> [Prompt]:
Using the data below, transcribe exactly everything from the line that contains "Rigged and Ready" down to the line that contains "Sigma Chi Christmas". Include both of those lines and none of the pictures.

> [The records]:
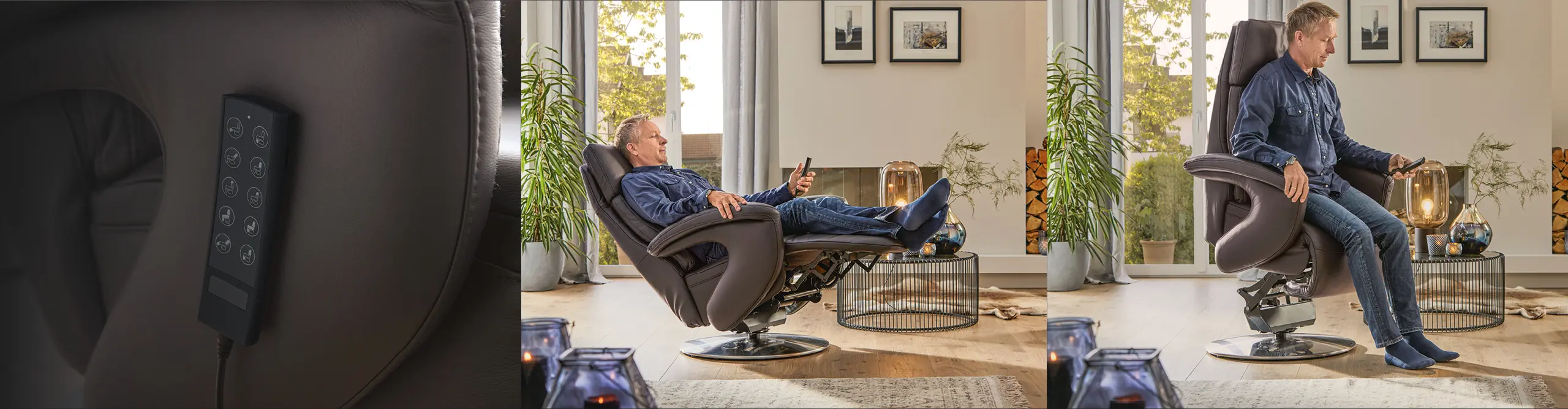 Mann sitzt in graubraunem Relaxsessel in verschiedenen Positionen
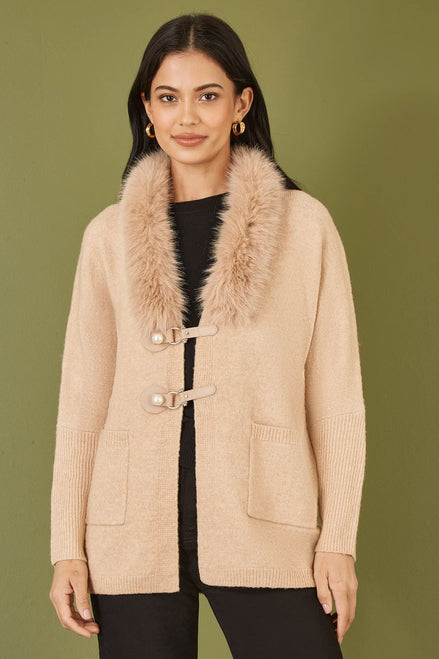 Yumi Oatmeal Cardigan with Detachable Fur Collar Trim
--
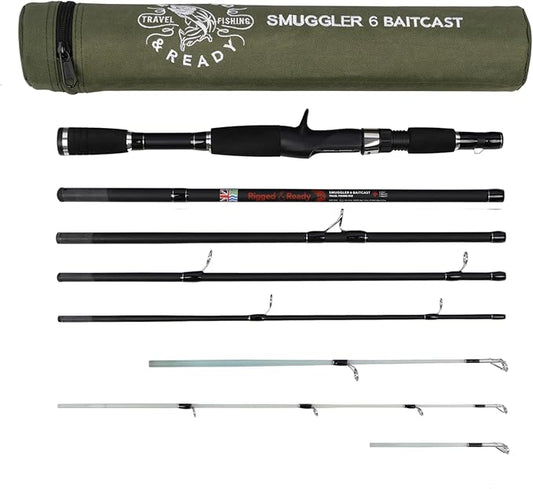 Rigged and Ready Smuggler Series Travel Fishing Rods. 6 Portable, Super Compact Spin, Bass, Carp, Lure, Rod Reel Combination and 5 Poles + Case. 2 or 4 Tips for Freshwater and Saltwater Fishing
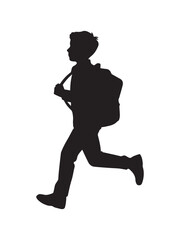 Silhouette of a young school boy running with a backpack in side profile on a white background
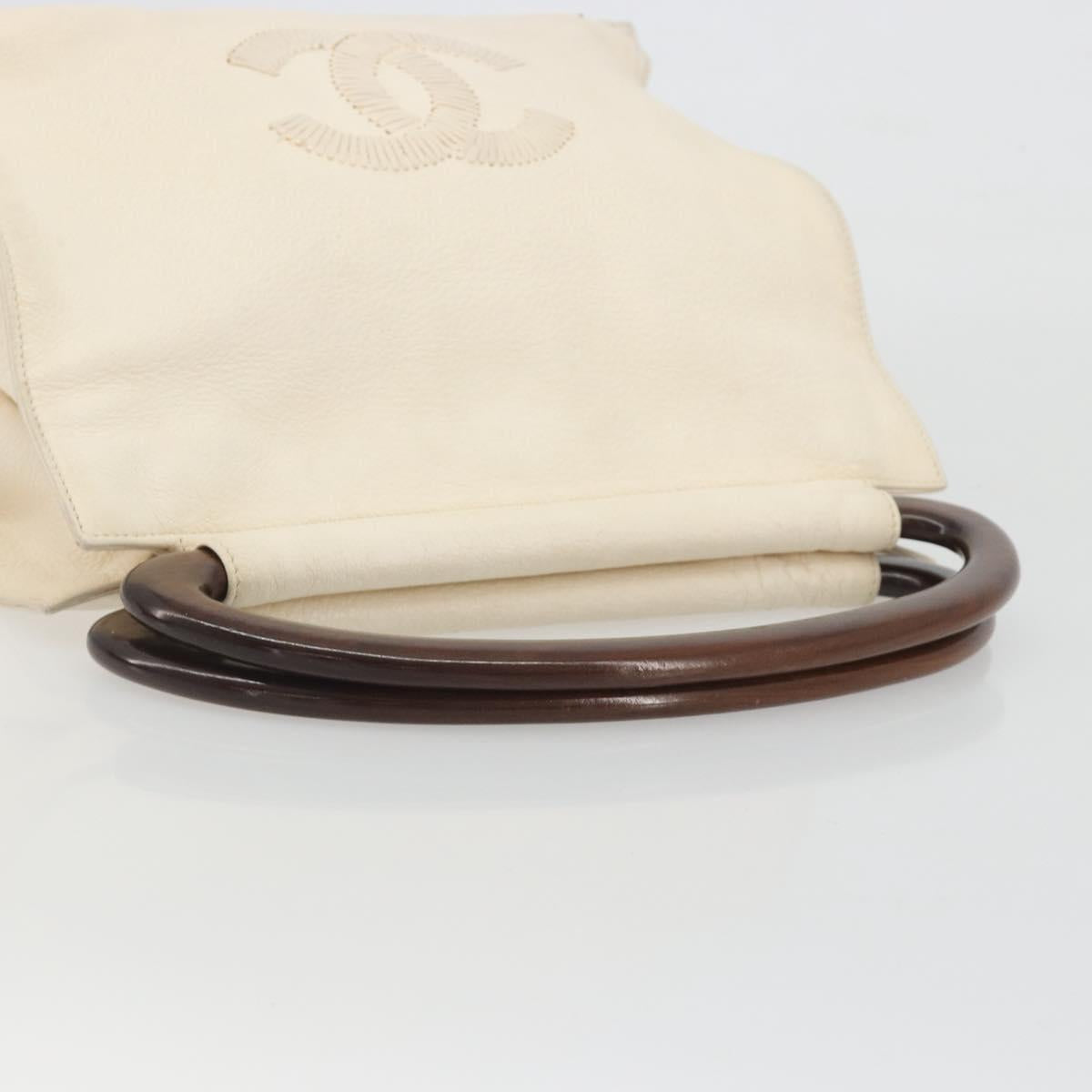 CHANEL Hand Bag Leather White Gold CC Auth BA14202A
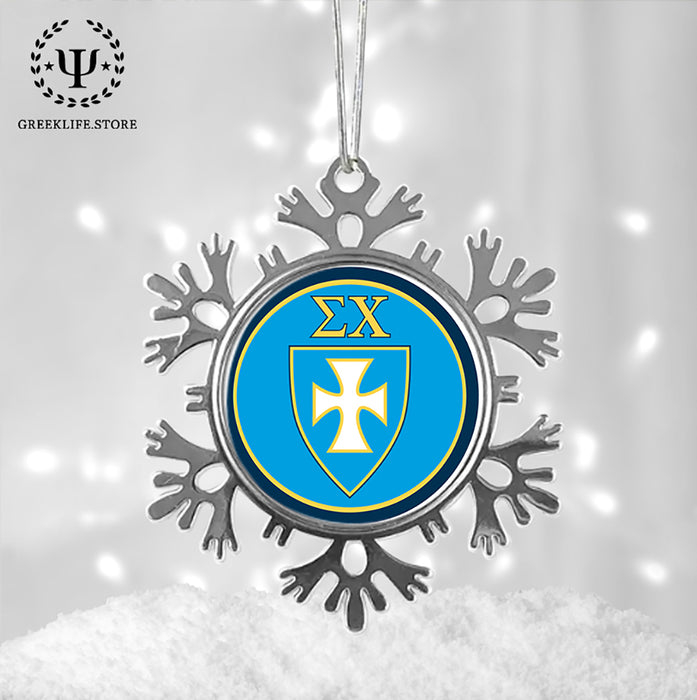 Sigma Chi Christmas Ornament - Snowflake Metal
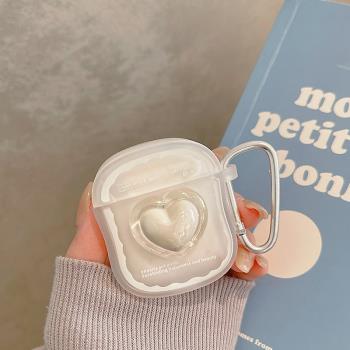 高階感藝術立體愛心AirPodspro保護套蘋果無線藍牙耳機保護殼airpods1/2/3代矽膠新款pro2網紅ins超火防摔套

> [Answer to the exercise]:
 Rigged and Ready Smuggler Series Travel Fishing Rods. 6 Portable, Super Compact Spin, Bass, Carp, Lure, Rod Reel Combination and 5 Poles + Case. 2 or 4 Tips for Freshwater and Saltwater Fishing
 Silhouette of a young school boy running with a backpack in side profile on a white background
 CHANEL Hand Bag Leather White Gold CC Auth BA14202A
 Sigma Chi Christmas Ornament - Snowflake Metal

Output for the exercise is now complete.